▶ **DIRECTIONS**
All lines below between the line with "Used 2024 Chevrolet" and the line with "Adorable Otter Plush", including both, must be copied exactly, and the pictures must be omitted.

▶ **INPUT DATA**

"""

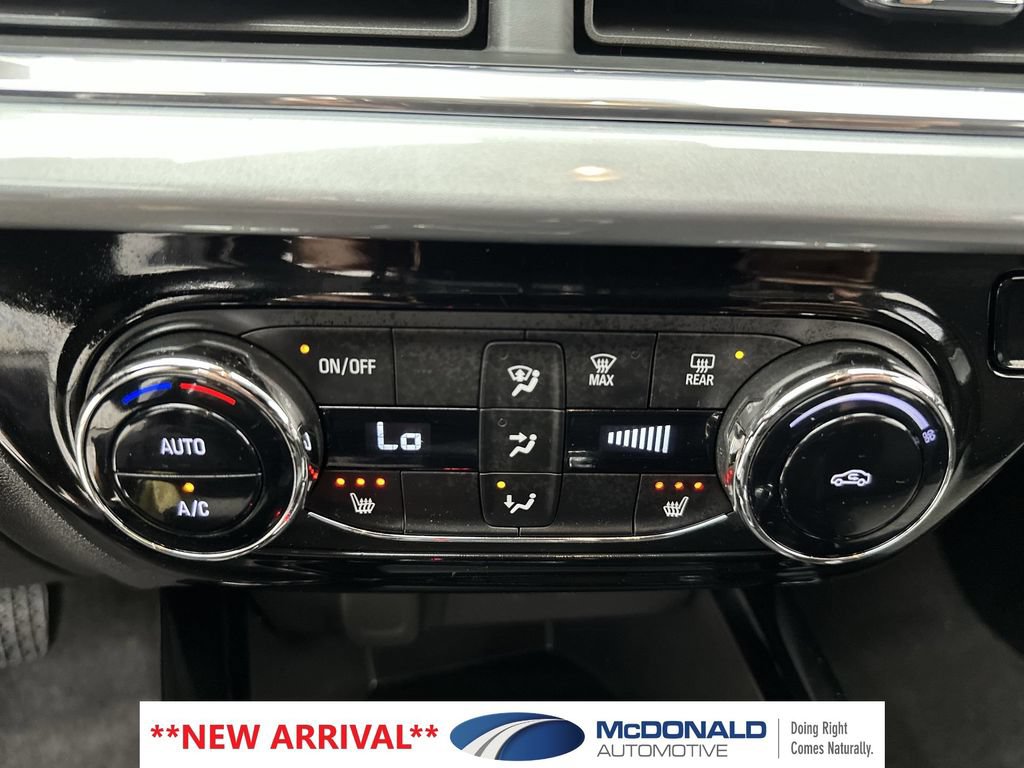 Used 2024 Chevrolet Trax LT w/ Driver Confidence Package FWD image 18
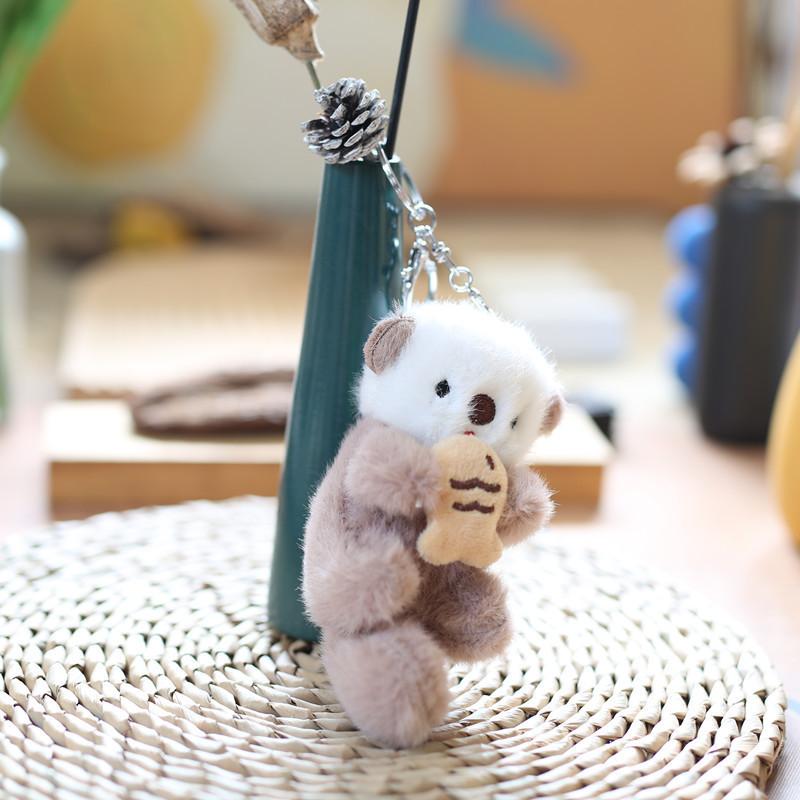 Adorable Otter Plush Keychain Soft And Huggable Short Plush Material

"""
"""

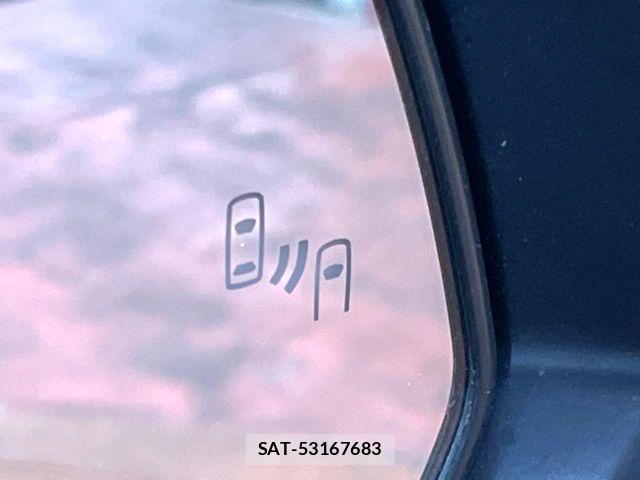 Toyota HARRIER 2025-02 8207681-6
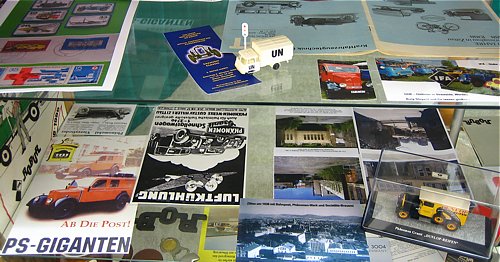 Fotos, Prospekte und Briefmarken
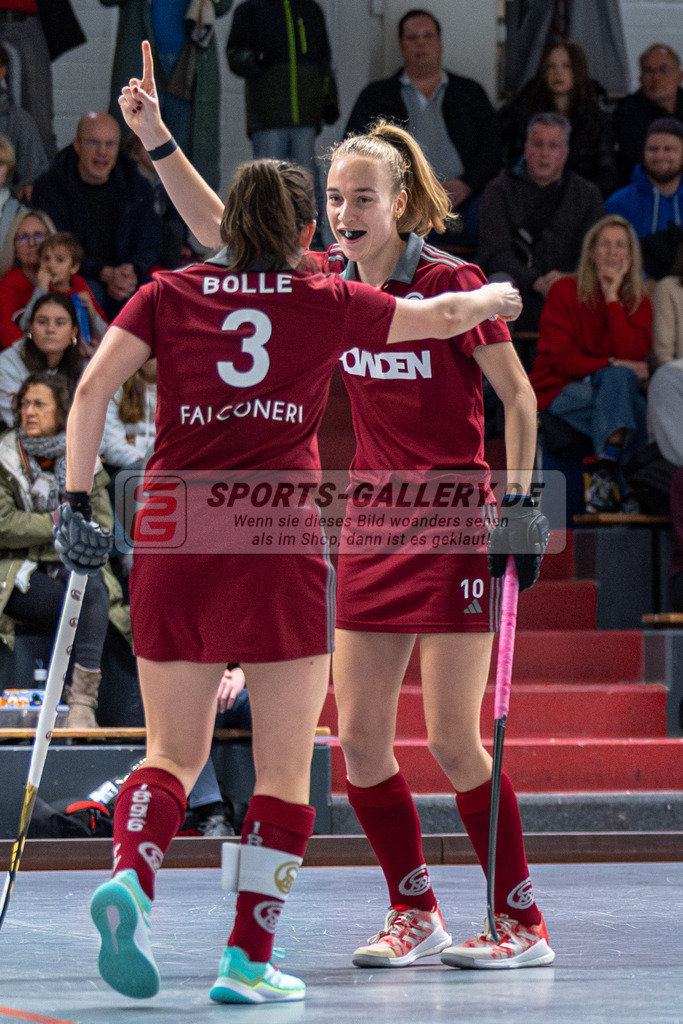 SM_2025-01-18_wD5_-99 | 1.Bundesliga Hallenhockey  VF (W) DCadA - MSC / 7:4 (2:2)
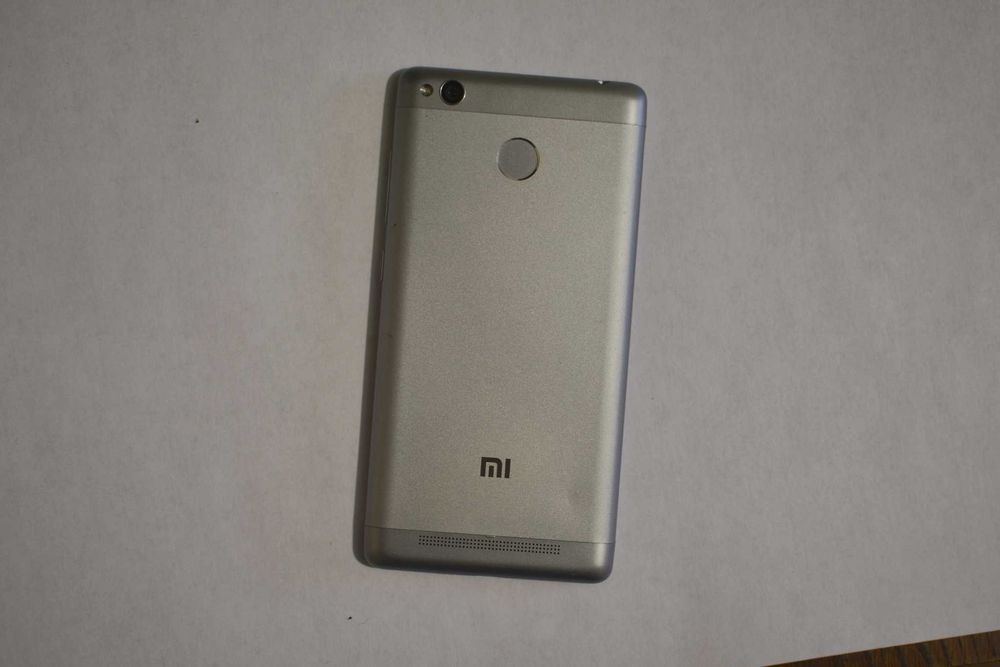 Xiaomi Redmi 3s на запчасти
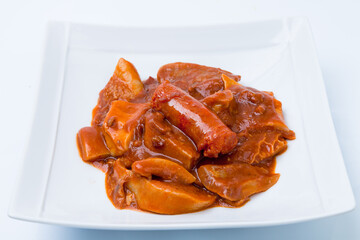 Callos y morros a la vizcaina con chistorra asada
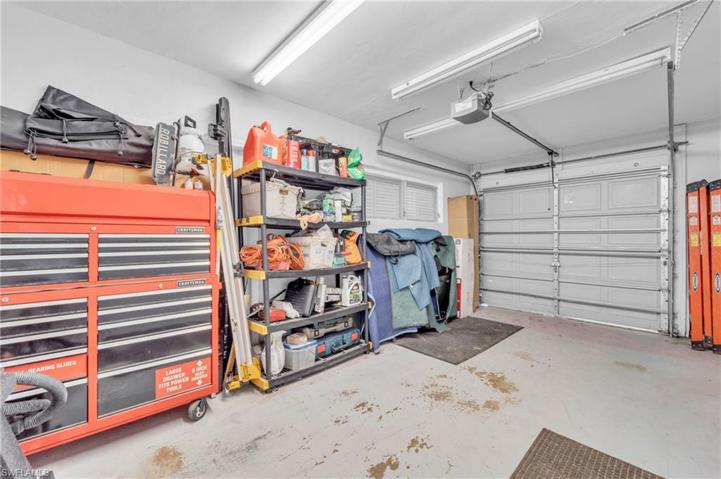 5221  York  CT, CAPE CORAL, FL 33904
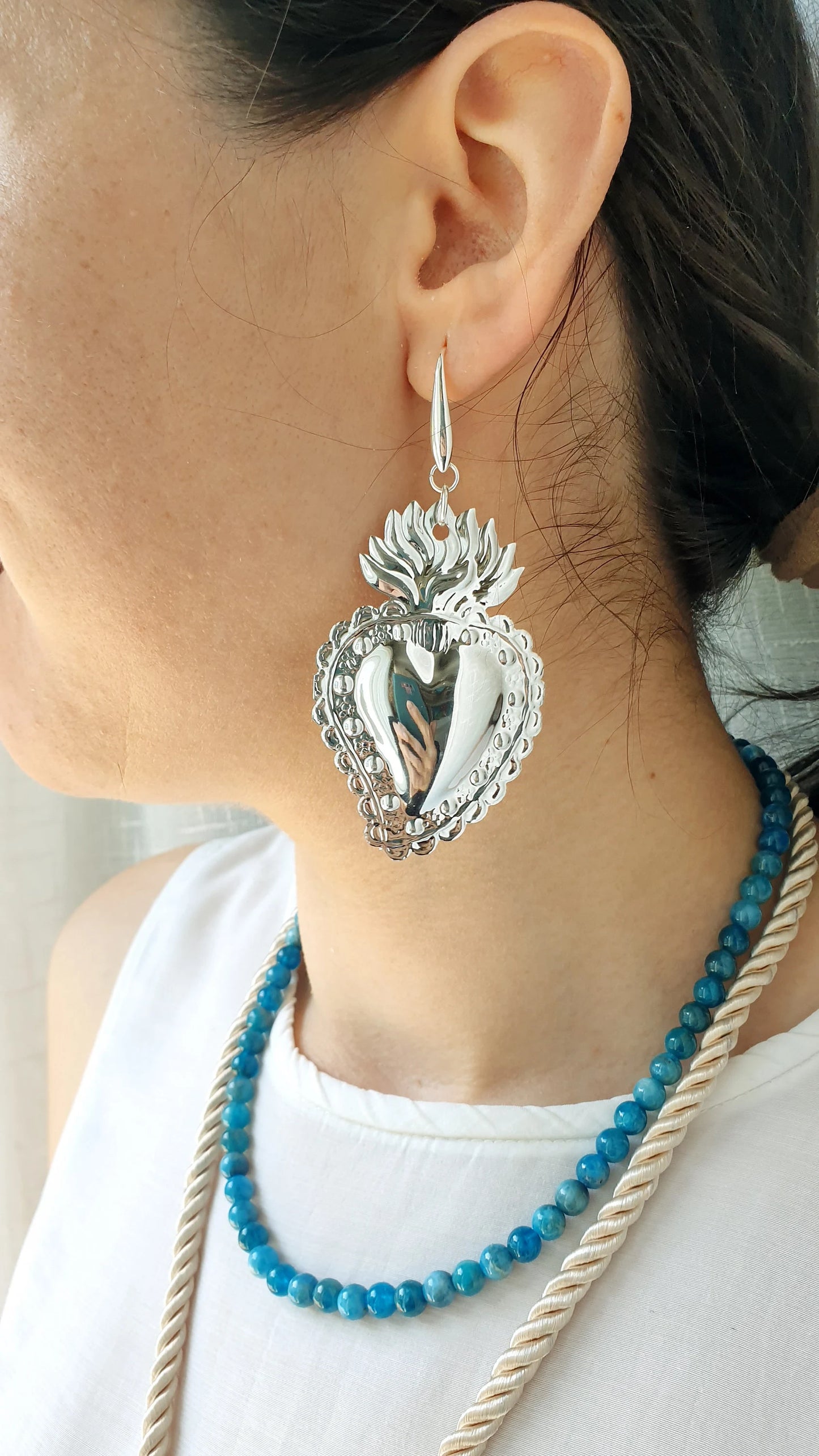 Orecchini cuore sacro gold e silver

"""
"""

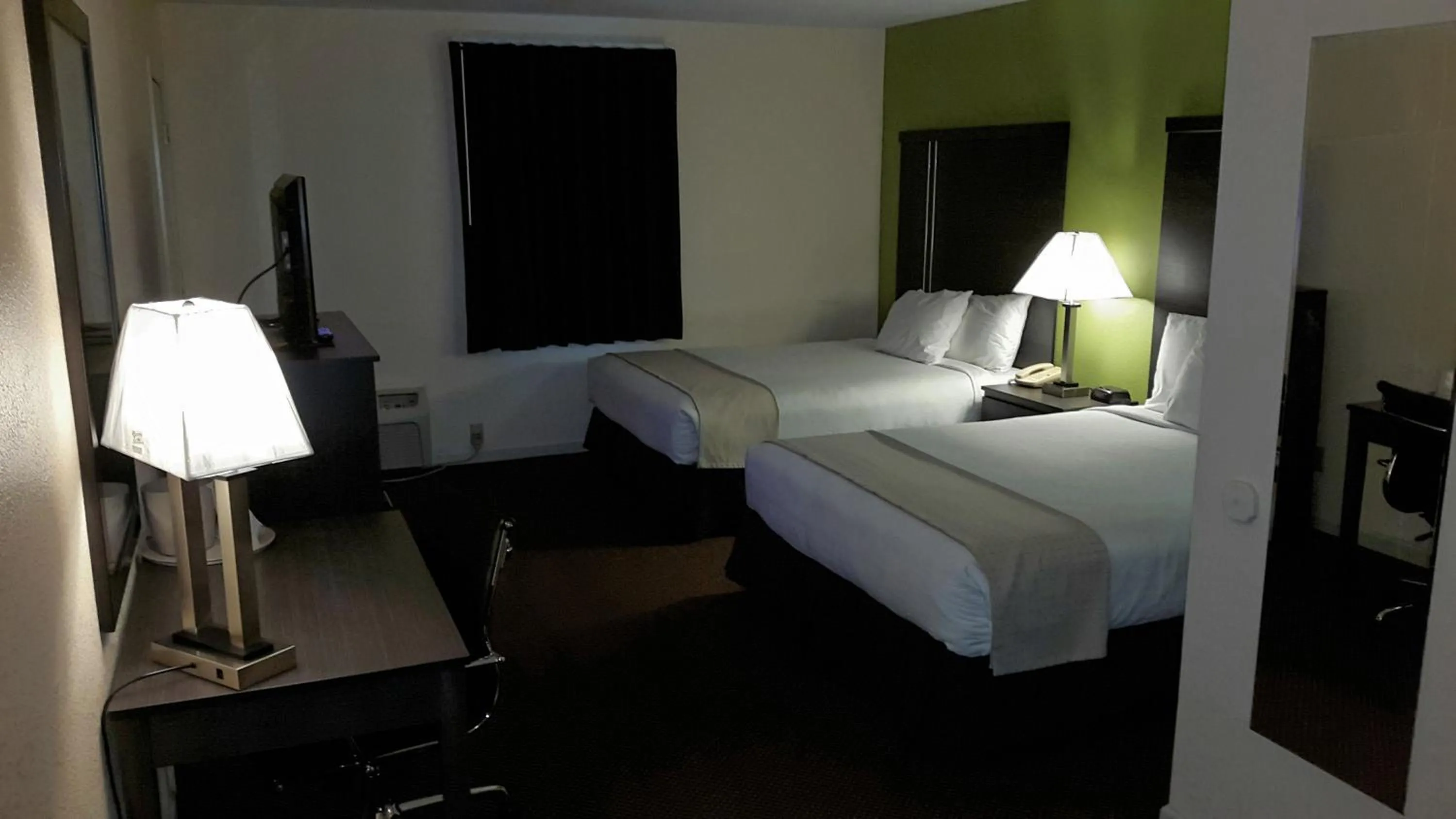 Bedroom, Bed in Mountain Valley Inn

"""

▶ **REPLY TO THE EXERCISE**
 Used 2024 Chevrolet Trax LT w/ Driver Confidence Package FWD image 18
 Adorable Otter Plush Keychain Soft And Huggable Short Plush Material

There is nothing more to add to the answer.